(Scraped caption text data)
§
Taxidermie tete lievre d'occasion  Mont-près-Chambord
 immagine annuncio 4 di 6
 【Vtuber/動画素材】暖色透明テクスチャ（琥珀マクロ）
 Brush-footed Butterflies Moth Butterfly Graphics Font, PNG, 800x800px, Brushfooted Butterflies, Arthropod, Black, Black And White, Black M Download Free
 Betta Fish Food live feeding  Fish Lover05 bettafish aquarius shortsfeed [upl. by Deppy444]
§
TASK DESCRIPTION:
Beginning with the line that has "Brush-footed Butterflies Moth", set down each line through the last one above, exactly, and nothing else.

SOLVED PROBLEM:
 Brush-footed Butterflies Moth Butterfly Graphics Font, PNG, 800x800px, Brushfooted Butterflies, Arthropod, Black, Black And White, Black M Download Free
 Betta Fish Food live feeding  Fish Lover05 bettafish aquarius shortsfeed [upl. by Deppy444]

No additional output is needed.